MW: Indicators: we don’t need to discuss these, to prove the Paris-Harrington theorem. But I think they offer valuable insight.
Let’s start with what an indicator indicates. Suppose N is a nonstandard model of PA, and we want to know if N has an initial segment I with some property P, that also “lies between” two given elements a and b. “Lies between” means that a∈I<b, and “I<b” means that b is a strict upper bound for I.
The intuition: the larger the “gap” between a and b, the more initial segments we have with a∈I<b. That makes it easier to find one enjoying property P. OK: let’s say a function Y(a,b) is an indicator for P, if Y(a,b) is nonstandard when and only when there exists an initial segment I with a∈I<b possessing property P. (Standing assumption: if b<a, then Y(a,b)=0. In mathspeak, by the way, if you possess something, you automatically enjoy it. Or at least this is true for mathematical objects.)

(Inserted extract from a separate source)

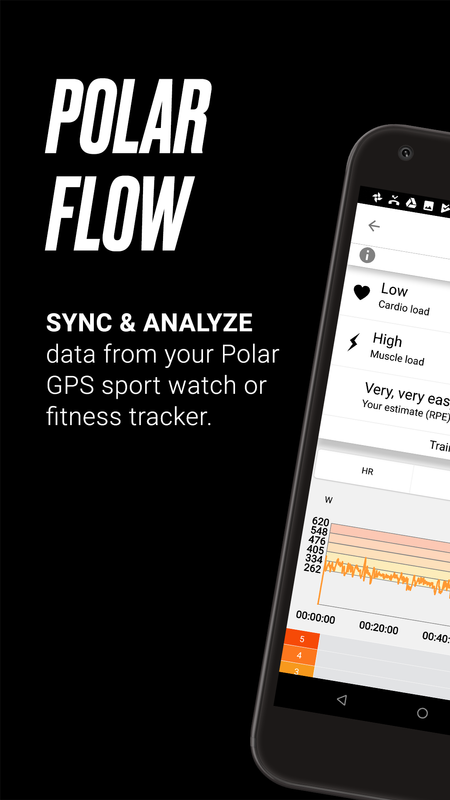 polar flow wr30m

Example: Y(a,b)=b−a is an indicator for “is a cut”, i.e., is closed under successor. Clearly we have a cut I with a∈I<b if and only if a+n<b for all standard n.
(In keeping with the standing assumption, it’s implicit that Y(a,b)=0 when b<a; strictly speaking, the indicator is “if b<a then 0 else b−a”. This goes without saying in the future.)
Second example: Y(a,b)=⌊loga b⌋ is an indicator for “is an initial substructure”, i.e., is closed under plus and times, provided a>1. Clearly we have an initial substructure I with a∈I<b if and only if an<b for all standard n. In other words, iff ⌊loga b⌋≥n for all standard n. (To eliminate the proviso a>1, use Y(a,b)=⌊loga+2 b⌋ instead.)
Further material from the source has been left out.